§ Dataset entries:
BEGIN
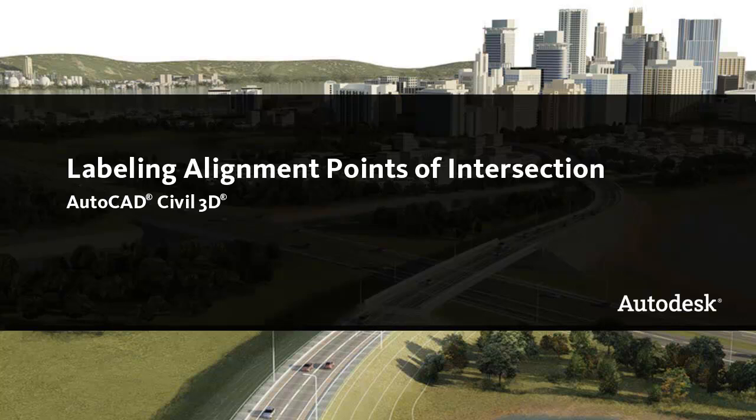In this video, I'll show you how to display and label points of intersection on an alignment.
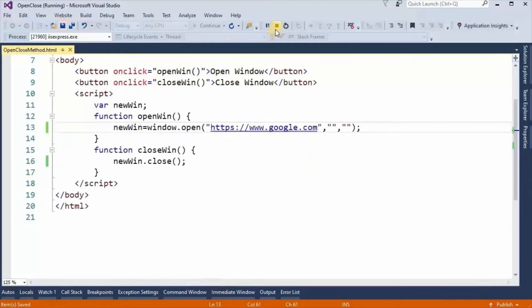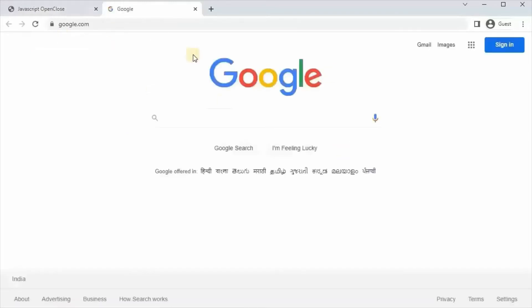Now if we remove the specifications, save and refresh, we can see a new tab or window in a new tab. If we click on the close window button, this tab is also closed. So window.close method closes both popup windows and tabs.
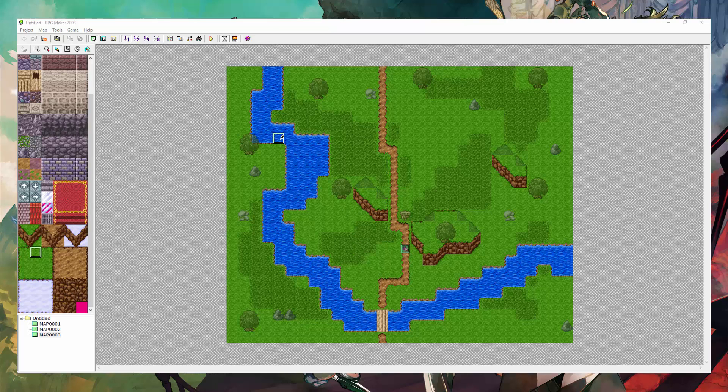Hey everyone, what's up? It is the Unpropro here, and welcome to the RPG Maker 2003 tutorials. In this tutorial, I'm going to be showing you how to use the map controls.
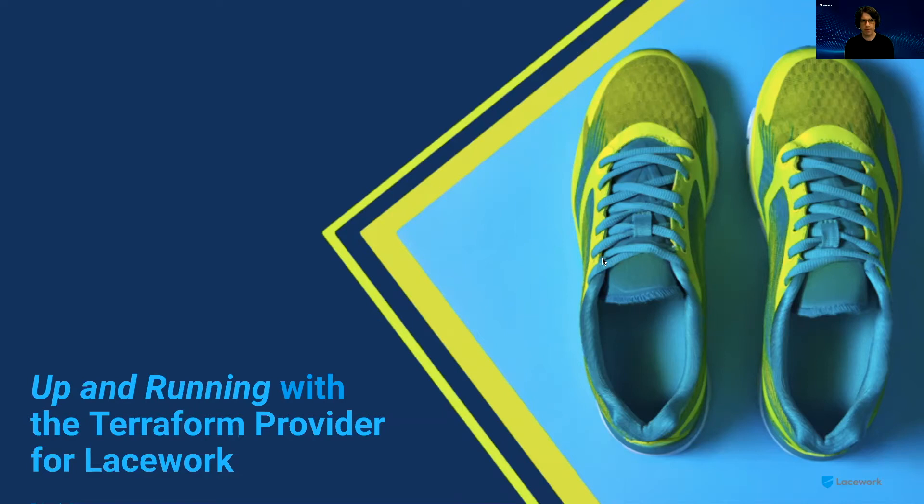Welcome to another episode of Up and Running with Lacework. My name is Scott Ford, and I'm Principal Architect here at Lacework. In today's episode, we're going to get you up and running with the Terraform provider for Lacework.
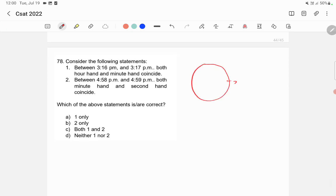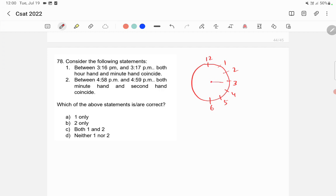This is 3, this is 4, this is 5, this is 6. Now 3:16 p.m. means our hour hand will be somewhere here and minute hand will also be somewhere here. So between 3:16 and 3:17 they will coincide—hour hand and minute hand. So this is correct. Now the second option is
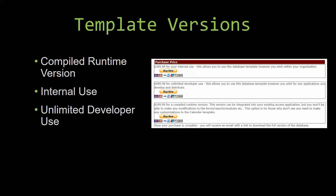With most of our templates, there are three different versions that you can purchase: a compiled runtime version, one for internal use, and one for unlimited developer use. Our compiled runtime version is a run-as-is version that works without the paid full version of Microsoft Access, using the free Access runtime from Microsoft. It can be integrated into your existing Access application, but you would not be able to make any modifications to the forms, the reports, the modules, etc. This option is more for those who do not see any need to make customizations to the template.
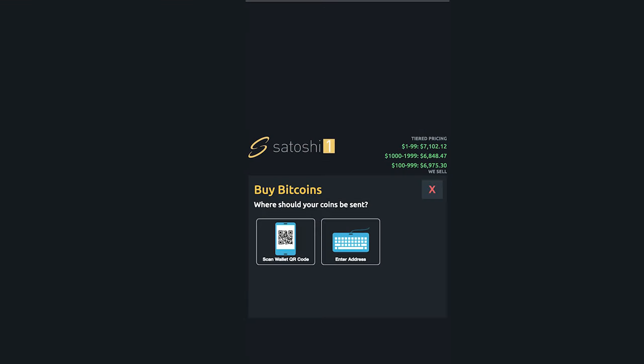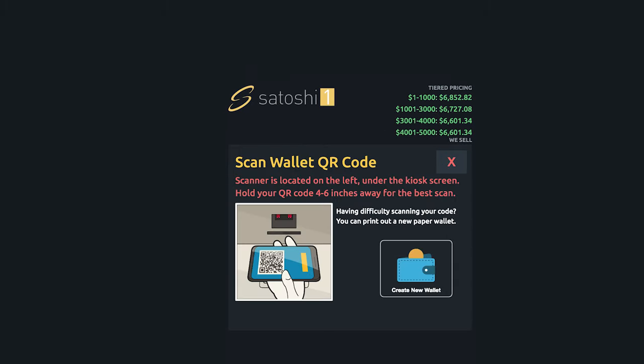Once you've selected the coins that you wish to purchase, the next screen will ask you where your coins should be sent. As we suggested before, you should be using a mobile wallet for this stage. Now that you have your mobile wallet open to the QR code, you'll see the ATM scanner is located under the left of the ATM screen. Make sure to hold your phone four to six inches away from the scanner for this step.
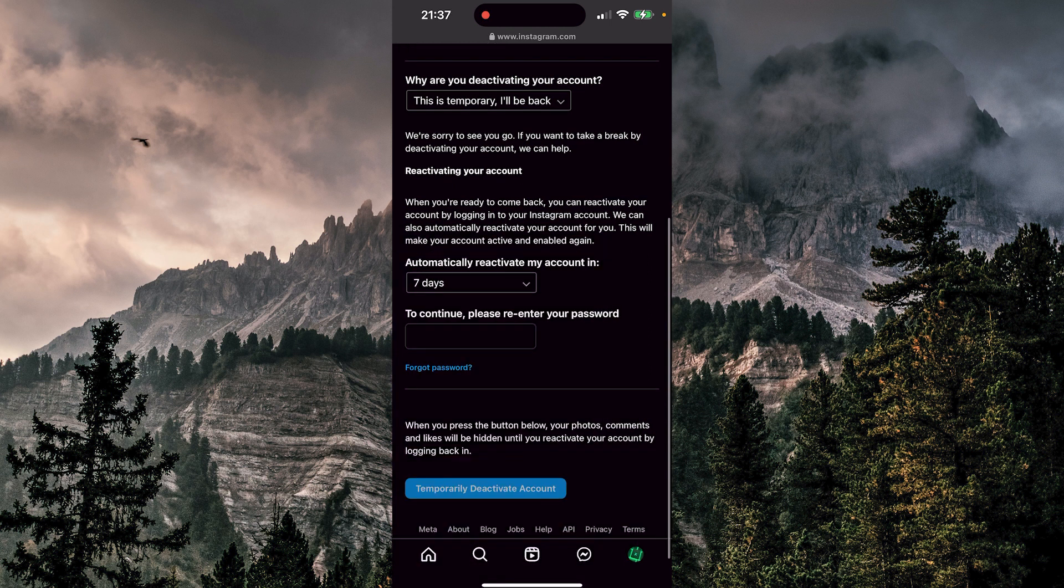Now only thing you need to do is to enter your password, click on the temporarily deactivate account, and that's it.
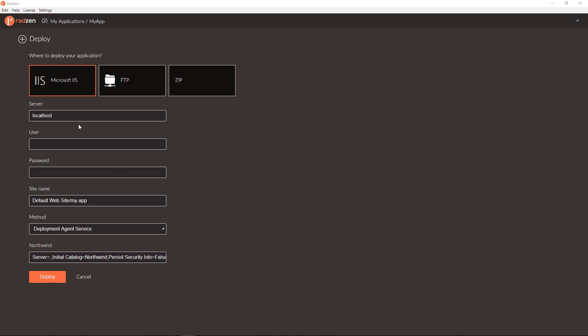You can specify also the site name, the deploy method, and if you have data sources connected to database you can specify the production connection string.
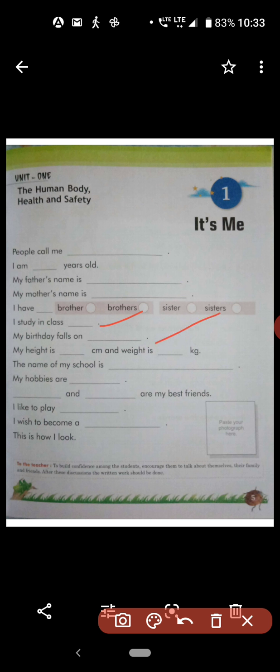Next, 'My height is dash centimeter.' You have to write your height. And 'my weight is dash kg.' You have to write your height and weight.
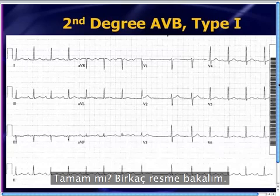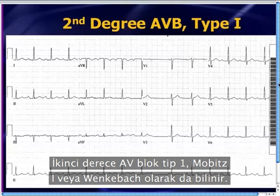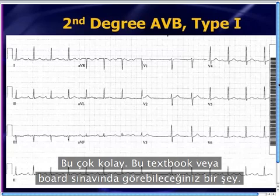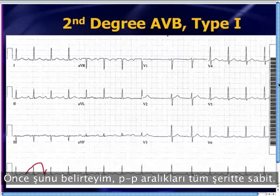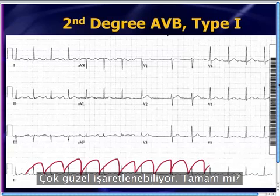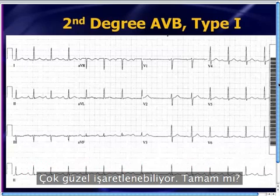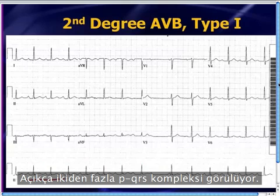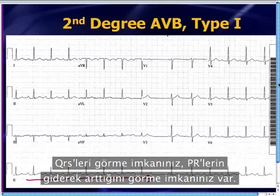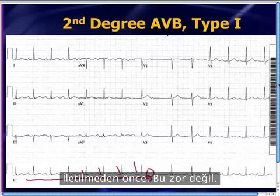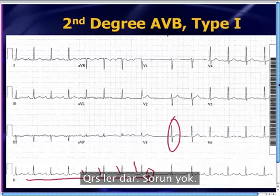Let's look at some images. Here's second-degree AV block type 1, also known as Mobitz 1, also known as Wenckebach. This is a piece of cake — the kind of thing you'd see in a textbook or on the boards. Note the P-to-P interval is constant all the way across; if you use calipers and map this out, it maps out very nicely. There's clearly more than two PQRS complexes where you have an opportunity to see that the PR intervals are gradually increasing before the drop. QRS complexes are narrow.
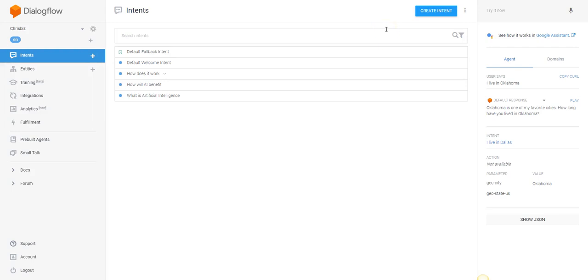Today we're going to look at system entities inside of DialogFlow and how you can use those entities to add to the conversation. When we're looking at system entities or entities in general, you need to remember that entities don't only apply to the conversation.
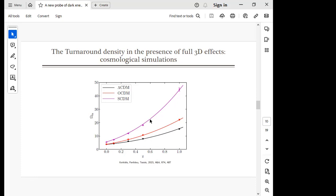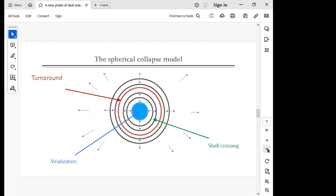So we've seen that the spherical collapse model predicts the turnaround density and its cosmic evolution can probe cosmology, and that realistic structures in simulations agree well with this idealized model. Now we need to address how we can actually observe this quantity on the sky.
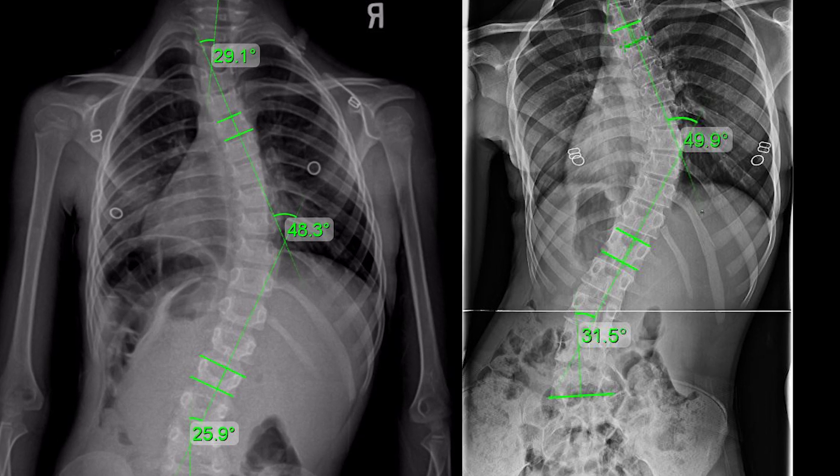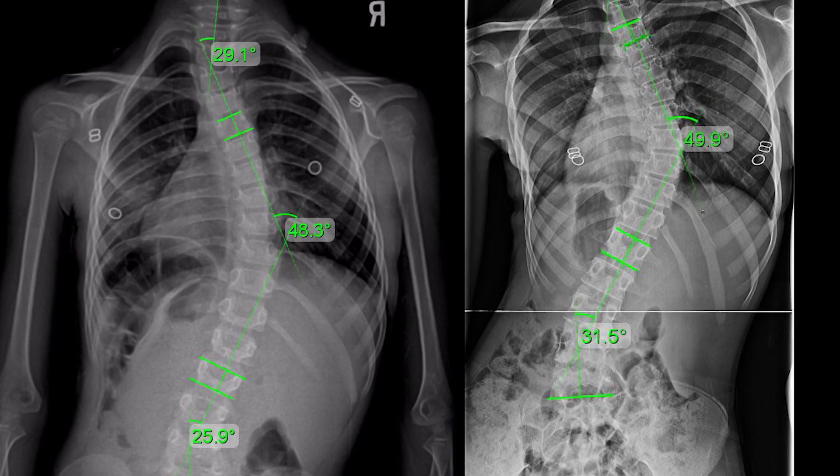Understanding how the condition is classified is also important. Many times the diagnosis will be associated with the patient's age — meaning infantile scoliosis, adolescent scoliosis, juvenile scoliosis, or adult scoliosis. Age is typically one component, and the condition type is another — whether it's idiopathic scoliosis, congenital scoliosis, or neuromuscular scoliosis.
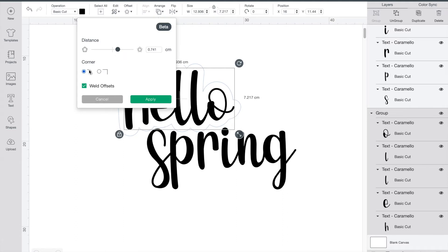Next is your corner type. You can choose rounded or squared, and the third section is weld offsets. This one already comes pre-checked because most of the time you're going to want your outline to stick together anyway.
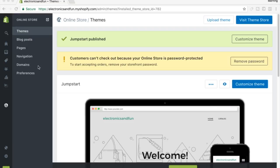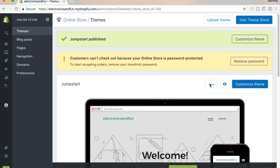In this video I want to show you how to remove the Powered by Shopify link at the bottom. First, come to Themes right here and click on these three little buttons.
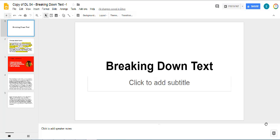Hi guys, I just want to talk to you a little bit about the breaking down text assignment. I started grading some of them and I just wanted to go over some common issues and kind of help you guys out.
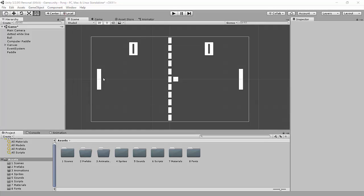Welcome back to the Make a Pong Unity series. This is Jonathan here, and in this video we're going to get the ball moving.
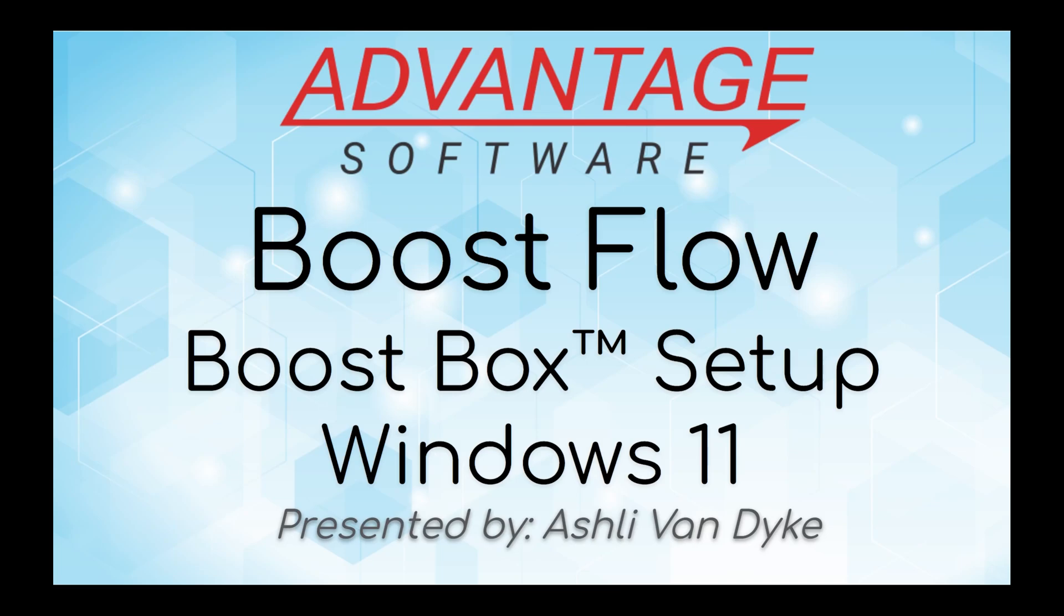Hello and thank you for watching. I'm Ashley Van Dyke with Advantage Software and on today's video Boost Flow Boost Box Setup for Windows 11, I'm going to show you how you can get your Boost Box setup for use with Boost Flow inside of Windows 11.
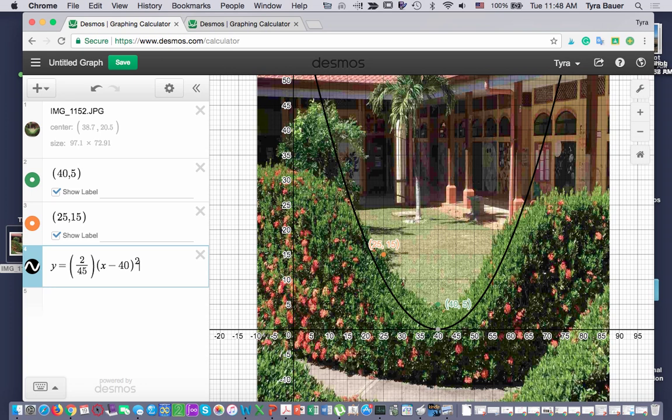You can adjust it if you feel like you want it to be a little stretched or compressed based on your parabola. But that is how you can create your picture for your project.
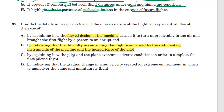Answer choice C: by explaining how the pilot and the plane overcame adverse conditions in order to complete the first flight. That's it — that's a central idea of the passage. These pilots overcame adverse conditions: the weather, the rudimentary instruments, the darting up and down of the plane, but they did it. They completed that first flight. C is the correct answer. Note, it's not a detail, but it is a central idea of the passage and paragraph five.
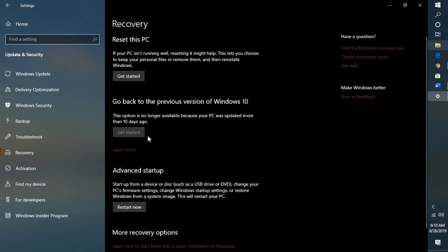Otherwise the only option for you is to go ahead and do a custom installation of Windows 10.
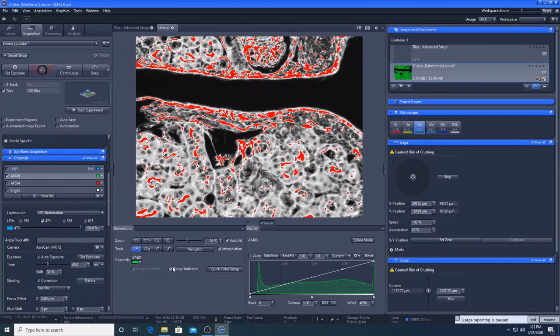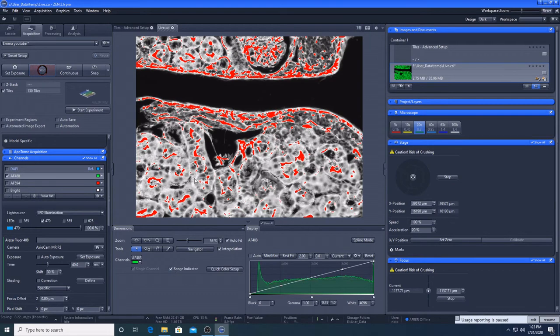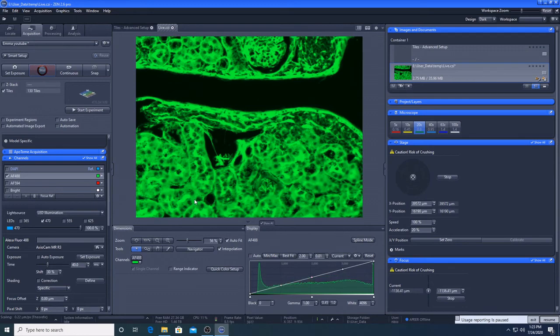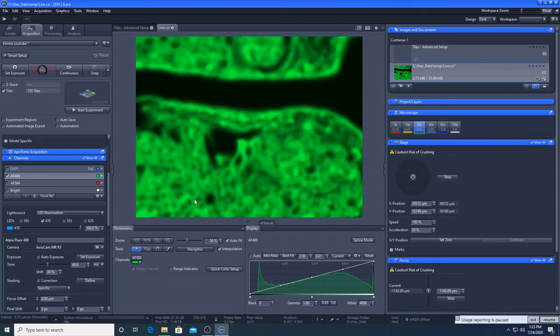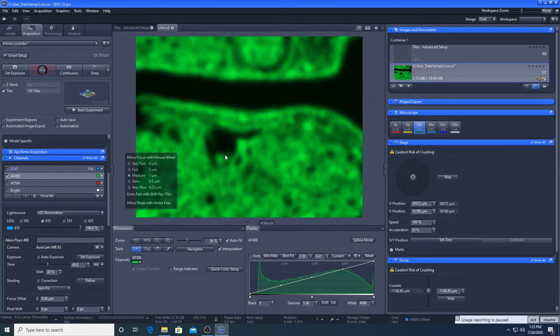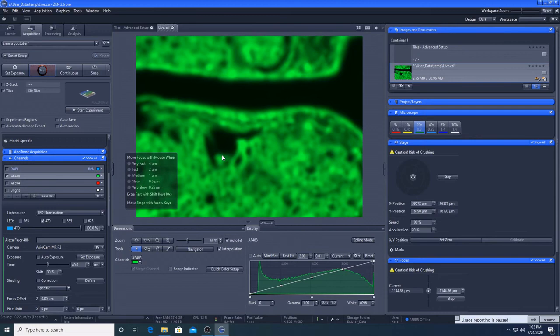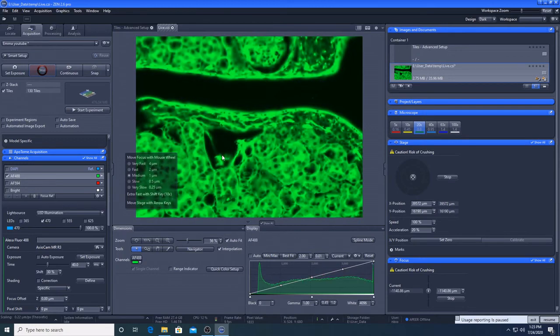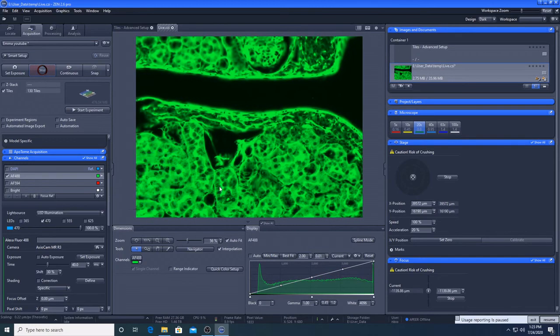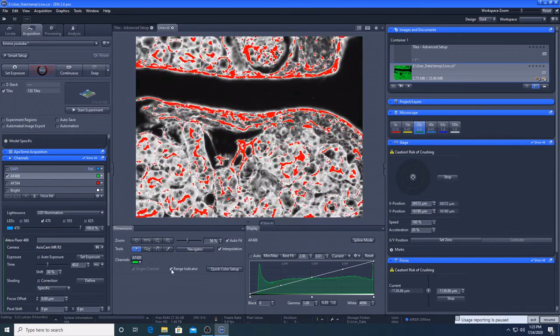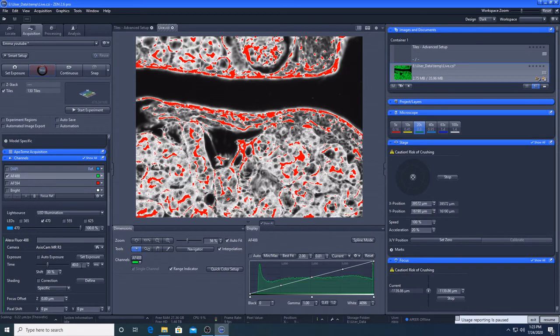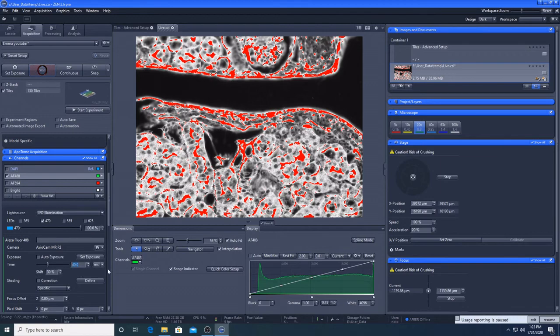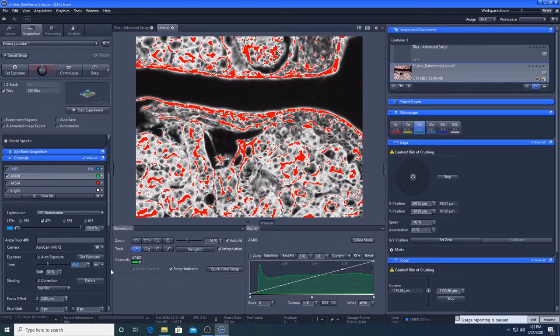If I go range indicator, there, it's overexposed. Use the mouse to get it into focus. Range indicator, massively overexposed. So I'm definitely going to keep my intensity high and lower my exposure. So for tiling, that's a good idea because it will take less time.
END
§ Task goal: Copy exactly what appears in the entries, beginning with the first line and ending with the line that has "This is 3, this", but not the pictures.

§ Exercise response:
In this video, I'll show you how to display and label points of intersection on an alignment.
Now if we remove the specifications, save and refresh, we can see a new tab or window in a new tab. If we click on the close window button, this tab is also closed. So window.close method closes both popup windows and tabs.
Hey everyone, what's up? It is the Unpropro here, and welcome to the RPG Maker 2003 tutorials. In this tutorial, I'm going to be showing you how to use the map controls.
Welcome to another episode of Up and Running with Lacework. My name is Scott Ford, and I'm Principal Architect here at Lacework. In today's episode, we're going to get you up and running with the Terraform provider for Lacework.
This is 3, this is 4, this is 5, this is 6. Now 3:16 p.m. means our hour hand will be somewhere here and minute hand will also be somewhere here. So between 3:16 and 3:17 they will coincide—hour hand and minute hand. So this is correct. Now the second option is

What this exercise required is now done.